If the victim is not breathing, try to check if something obstructs the airway. You might have to check the victim’s mouth for any obstruction. Use your fingers to remove the obstruction and then check if the person can breathe. There might be a case where you would probably need to perform CPR (cardiopulmonary resuscitation). Do this only if you are trained to do so. Alternatively, you can ask others at the scene if anyone is trained in performing CPR and ask them to help you.
Suppose the weather is hot, and the victim is dressed in protective or heavy clothing, which obstructs the flow of air to the body. In that case, you can gently unbutton the jacket or other parts of clothing that might make the victim uncomfortable. This will allow for a free flow of air and comfort the victim to some extent.
On the flip side, some accident victims often go into shock, and this causes them to feel cold. It is, therefore, essential to communicate with the victim and act in line with what makes them comfortable. If the victim feels cold and shivering, try to keep them warm. Cover them with a jacket or with whatever means are available.
First aid - things you should not do
As mentioned earlier, if you are involved in an accident, do not try to help others unless you are sure that you are fine and have not sustained any severe injuries.
If the victim is wearing a helmet and you notice bleeding from the head, do not try to remove the helmet. There is a good chance that the helmet is helping block the bleeding and keeping the skull in place. Also, in cases of neck injuries, the helmet provides some support and trying to remove it might cause irreparable damage to the neck, which is a susceptible area.

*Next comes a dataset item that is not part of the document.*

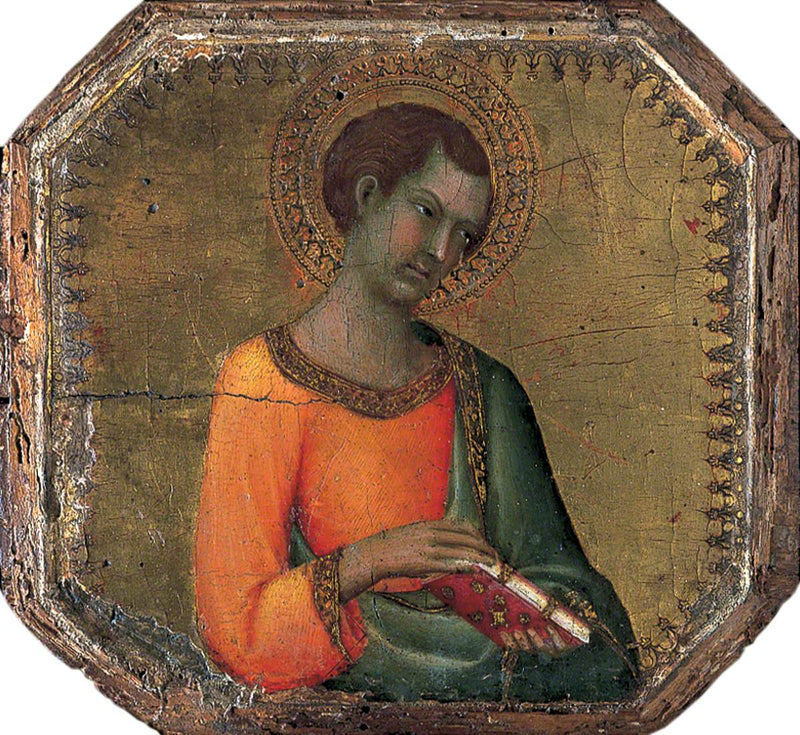 En helgon som håller en bok - Simone Martini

During accidents, people tend to prop the neck of the victim up, where they sometimes even try to make them sit up. Now, while a thin layer of cushion under the head is OK to comfort the victim, propping the head up overly blocks the airway and causes difficulty for the victim to breathe. Don't try to prop the victim’s head up or make them sit, especially if you are not a trained paramedic. Wait for medical help to arrive and let the paramedics take care of such victims. Similarly, if you find something pierced or lodged in any part of the body, do not try to remove it. The person will start bleeding profusely if the object is removed.

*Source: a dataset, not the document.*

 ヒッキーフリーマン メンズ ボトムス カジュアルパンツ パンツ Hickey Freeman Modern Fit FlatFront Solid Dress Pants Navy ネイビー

Do not move the victim if you suspect a neck or spinal injury. Let them be in the position they are in. Just keep speaking to them and try to keep them awake. You will know if their neck or spine is in an abnormal position.
Do not feed the victims any food or pour water into their mouth unless they explicitly ask for it and appear fit to consume it. If the victim is breathing correctly, can speak, and asks for water, you can probably allow a small sip or two at a time. If the victim isn’t explicitly asking for water, pouring it in might end up choking them.
Do not allow too many bystanders to huddle around the victim, as it creates a sense of claustrophobia and panic. Ask people to stand at a distance and ensure that the victim is in an airy environment.
However, morally binding it may appear at the moment, do not perform CPR on the victim if you are not trained for the procedure. You might end up causing more harm than good to the victim by doing such a thing.
To sum it up, be calm, keep your wits about the situation, co-operate, coordinate, call for help immediately and do the best you can to help the victims till help arrives.